The Houston Chronicle wrote a small story yesterday that reminded Comcast customers that they do in fact have the ability to check on their monthly data usage. Granted, even though Comcast has a 250GB data cap, it is not enforced in the Houston area, much like it isn’t enforced in most parts of the country. As the Chronicle story found out, Comcast’s data monitoring tool was hard to find and quite annoying to use.
Even if the data monitoring tool was easy to find and use, are we even sure it would be accurate? For years now, we have seen countless ISP’s offer customers broken data monitoring tools that almost always end up over-stating a customers data usage.
For example, Comcast, which delayed the rollout of its meters while it struggled to get it right (and still runs monthly accuracy checks) has defended its meter as a customer education tool and as a means to manage network consumption.
EE (formerly Everything Everywhere), the largest mobile network operator in the UK, has received numerous complaints over the last few years from customers frustrated with the companies data monitoring tool. As I wrote about last year, EE customers who used the official “My EE” application would see their data usage spike heavily. Other EE customers found that when they checked their data monitoring tool, they found that their data usage was magically doubling from past months. Things got so bad that a number of EE customers decided to do their own “controlled tests” to prove to EE that their data monitoring tool was wrong. Eventually, EE was forced to publicly admit that their data monitoring tool was suffering from a “glitch”.

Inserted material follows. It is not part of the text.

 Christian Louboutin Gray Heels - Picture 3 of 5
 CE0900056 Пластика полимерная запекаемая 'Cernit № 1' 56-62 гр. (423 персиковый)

AT&T has also struggled with customer complaints about their data monitoring tool. When AT&T began imposing 150GB data caps on DSL users and 250GB data caps on U-Verse users, they charged customers $10 for every 50GB in overage fees. Yet after AT&T received complaints about their meters accuracy, AT&T admitted that their usage meters were proprietary and therefore a secret.
“After consulting (AT&T’s) Internet Usage web page, I felt the numbers just weren’t right. I started measuring my usage, and ended up with numbers substantially below what AT&T was reporting on a day-to-day basis. Typically around 20-30% less … I decided to contact AT&T support to determine what exactly they were defining as usage, as their web pages never really define it … After several calls, they finally told me they consider the methodology by which they calculate bandwidth usage to be proprietary. Yes, you read that right; it’s a secret. They left me with the option to contact their executive offices via snail mail. – DSLReports
Cox Communications is one of the few ISP’s whose data monitoring tool was so screwed up that customers reported extremely high data usage numbers while others reported extremely low data usage numbers. To be fair, Cox was not charging customers for going over their data caps.
Suddenlink was forced to stop using their data monitoring tool due to the high volume of customer complaints about its inaccuracy.
Northwestel tried to blame just about everyone other than themselves after customers threatened to sue the company for refusing to fix their inaccurate data monitoring tool.
Cogeco’s data monitoring tool was a complete disaster. It over-charged customers by thousands of dollars, was unable to determine whether a customers modem is even powered on and had issues dealing with certain dates of the year, such as what occurs during a leap year.